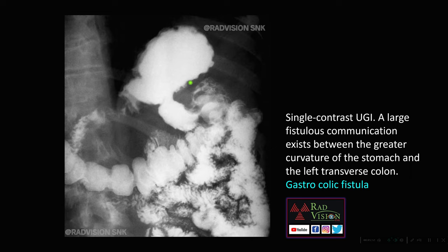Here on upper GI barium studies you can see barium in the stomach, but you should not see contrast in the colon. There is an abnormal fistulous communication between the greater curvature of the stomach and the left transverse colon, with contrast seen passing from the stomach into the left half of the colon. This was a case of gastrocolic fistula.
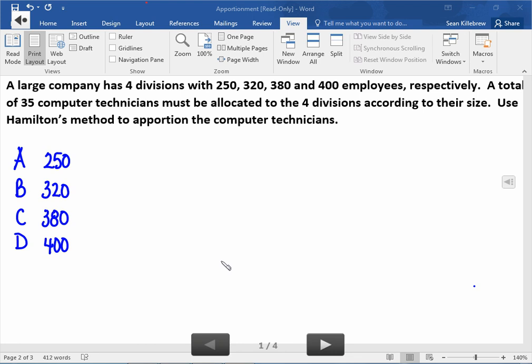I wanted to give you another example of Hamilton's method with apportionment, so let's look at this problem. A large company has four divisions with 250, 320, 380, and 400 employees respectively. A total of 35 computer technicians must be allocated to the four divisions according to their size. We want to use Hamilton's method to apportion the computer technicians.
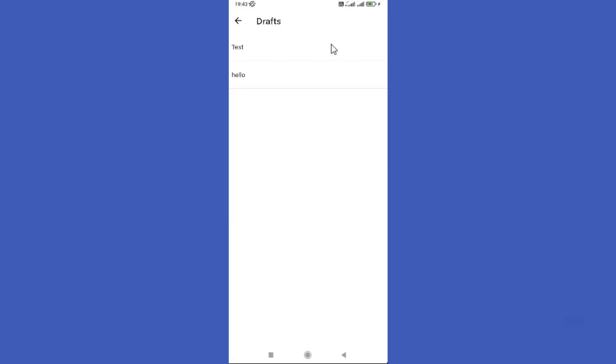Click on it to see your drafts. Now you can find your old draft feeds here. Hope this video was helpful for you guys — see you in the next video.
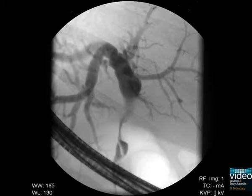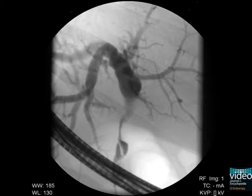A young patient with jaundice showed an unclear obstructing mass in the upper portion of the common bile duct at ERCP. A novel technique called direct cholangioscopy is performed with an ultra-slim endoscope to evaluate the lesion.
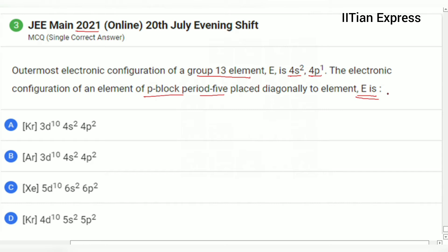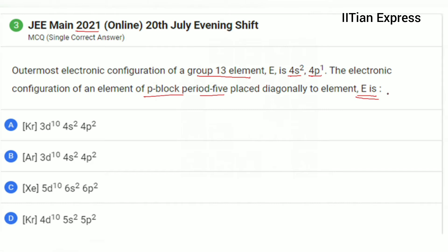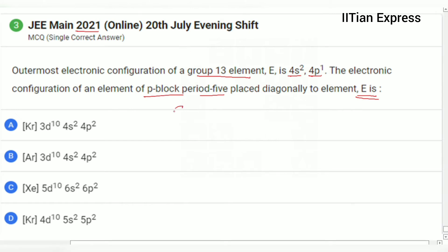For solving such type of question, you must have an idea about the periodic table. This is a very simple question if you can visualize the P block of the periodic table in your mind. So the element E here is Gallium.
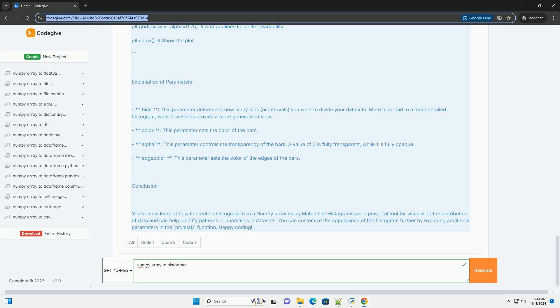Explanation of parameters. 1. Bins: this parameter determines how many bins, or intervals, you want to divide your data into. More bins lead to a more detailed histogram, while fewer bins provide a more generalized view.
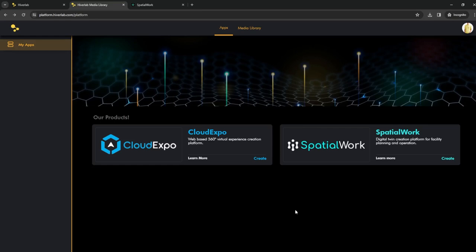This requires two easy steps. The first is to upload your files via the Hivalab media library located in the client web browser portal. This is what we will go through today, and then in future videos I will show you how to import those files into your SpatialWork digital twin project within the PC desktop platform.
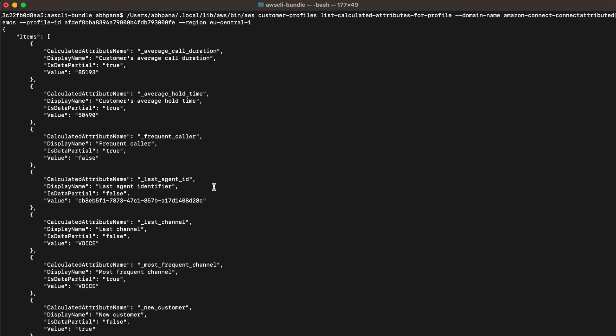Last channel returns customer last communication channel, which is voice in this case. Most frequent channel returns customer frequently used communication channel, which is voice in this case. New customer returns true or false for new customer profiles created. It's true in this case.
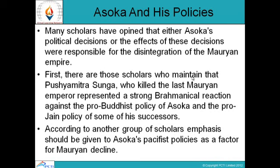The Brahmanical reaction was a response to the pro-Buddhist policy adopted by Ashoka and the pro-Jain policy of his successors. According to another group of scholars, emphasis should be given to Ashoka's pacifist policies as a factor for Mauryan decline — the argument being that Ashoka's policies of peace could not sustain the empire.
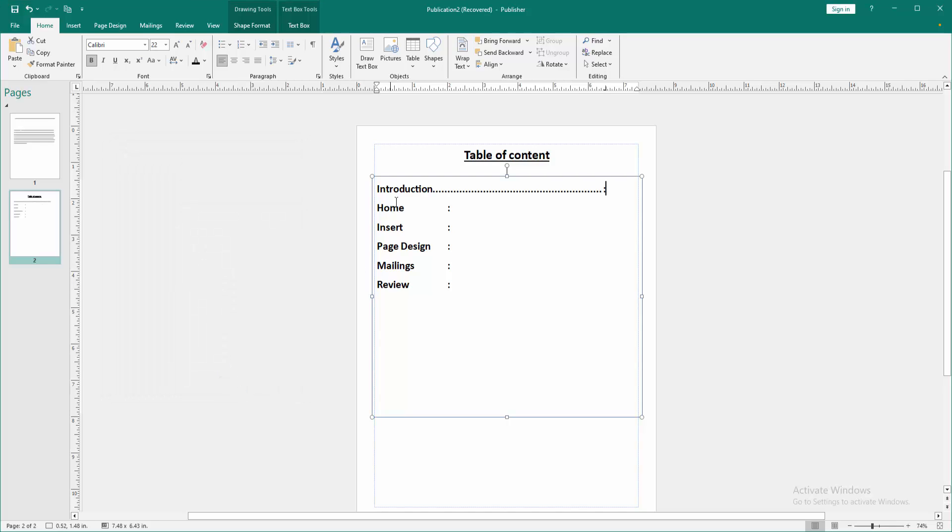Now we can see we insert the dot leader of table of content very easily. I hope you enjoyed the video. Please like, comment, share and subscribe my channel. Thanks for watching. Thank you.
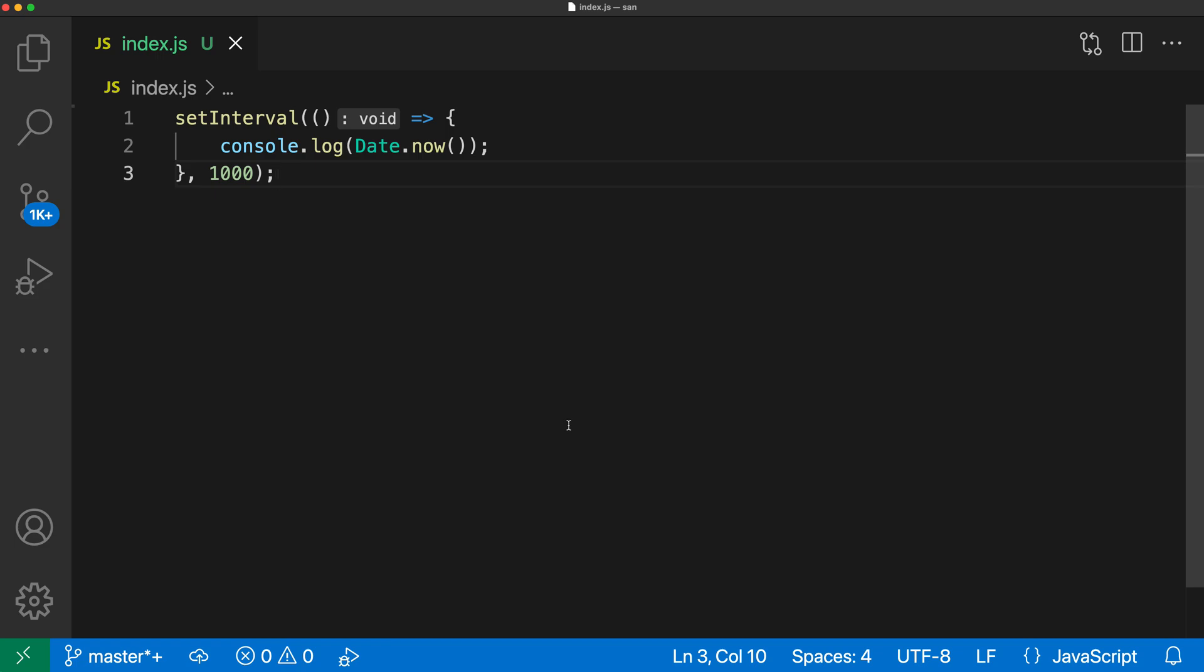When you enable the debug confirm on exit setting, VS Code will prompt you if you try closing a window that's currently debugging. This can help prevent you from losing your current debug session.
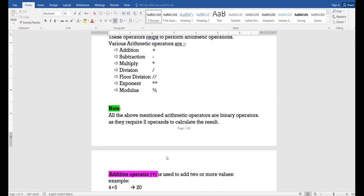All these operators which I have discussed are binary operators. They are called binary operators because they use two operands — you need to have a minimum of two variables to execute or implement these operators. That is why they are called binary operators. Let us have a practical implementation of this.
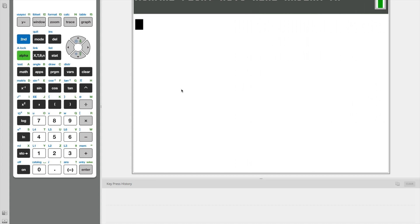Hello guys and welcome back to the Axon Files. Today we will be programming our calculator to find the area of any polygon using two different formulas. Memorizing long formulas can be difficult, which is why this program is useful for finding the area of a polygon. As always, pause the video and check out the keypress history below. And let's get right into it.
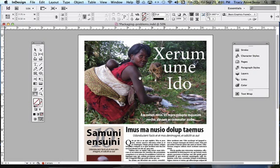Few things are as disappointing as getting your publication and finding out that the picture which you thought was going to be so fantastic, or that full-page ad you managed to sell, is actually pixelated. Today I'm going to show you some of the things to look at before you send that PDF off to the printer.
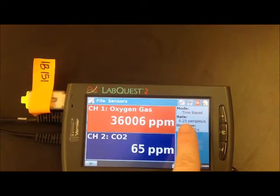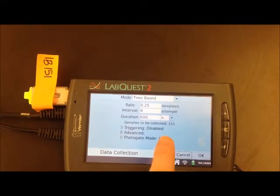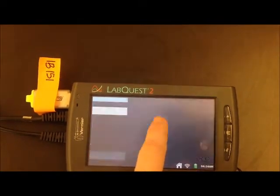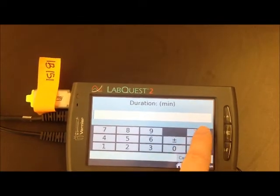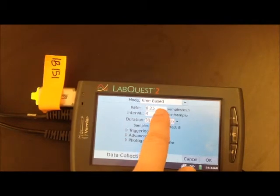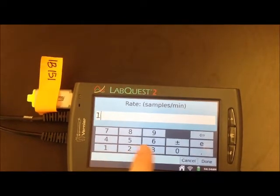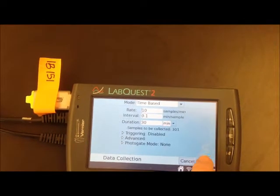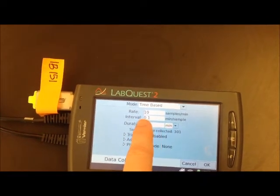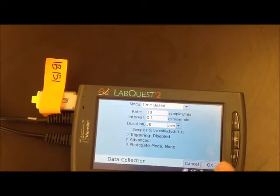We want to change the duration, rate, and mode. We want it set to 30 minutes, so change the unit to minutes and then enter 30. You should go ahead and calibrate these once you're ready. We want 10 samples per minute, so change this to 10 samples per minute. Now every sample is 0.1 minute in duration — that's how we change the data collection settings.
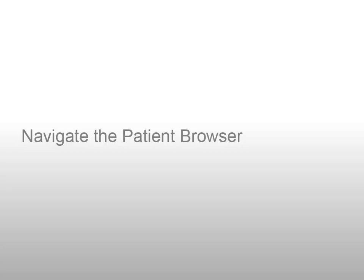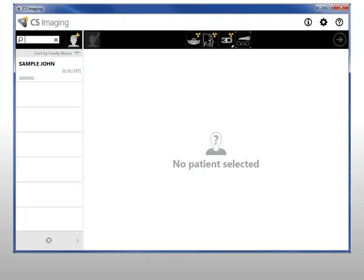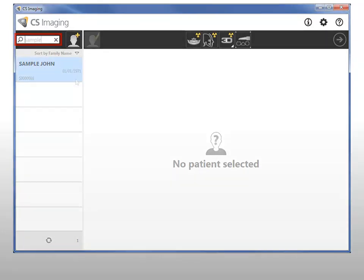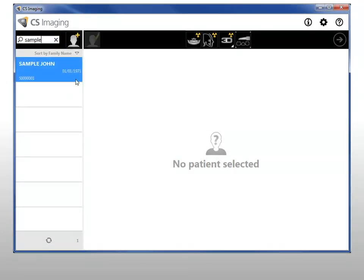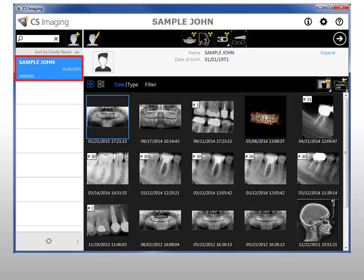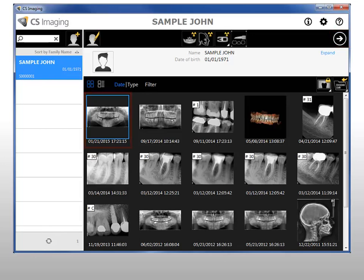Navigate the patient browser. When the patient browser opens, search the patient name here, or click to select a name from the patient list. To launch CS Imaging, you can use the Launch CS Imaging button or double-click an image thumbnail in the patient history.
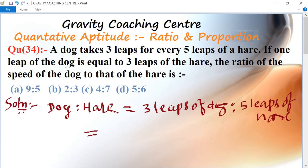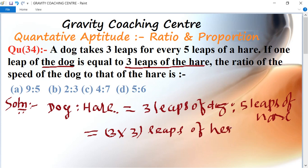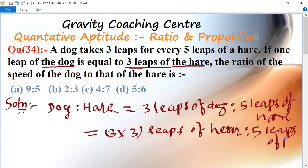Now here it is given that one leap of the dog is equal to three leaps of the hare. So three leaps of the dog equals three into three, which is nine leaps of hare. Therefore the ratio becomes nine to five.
^^^^
◆ Required action
Now transcribe the lines above exactly, starting at the line containing "This requires two" and ending at the line containing "Now we can see", both lines included, pictures excluded.

◆ Your solution
This requires two easy steps. The first is to upload your files via the Hivalab media library located in the client web browser portal. This is what we will go through today, and then in future videos I will show you how to import those files into your SpatialWork digital twin project within the PC desktop platform.
Last channel returns customer last communication channel, which is voice in this case. Most frequent channel returns customer frequently used communication channel, which is voice in this case. New customer returns true or false for new customer profiles created. It's true in this case.
The Brahmanical reaction was a response to the pro-Buddhist policy adopted by Ashoka and the pro-Jain policy of his successors. According to another group of scholars, emphasis should be given to Ashoka's pacifist policies as a factor for Mauryan decline — the argument being that Ashoka's policies of peace could not sustain the empire.
Now we can see we insert the dot leader of table of content very easily. I hope you enjoyed the video. Please like, comment, share and subscribe my channel. Thanks for watching. Thank you.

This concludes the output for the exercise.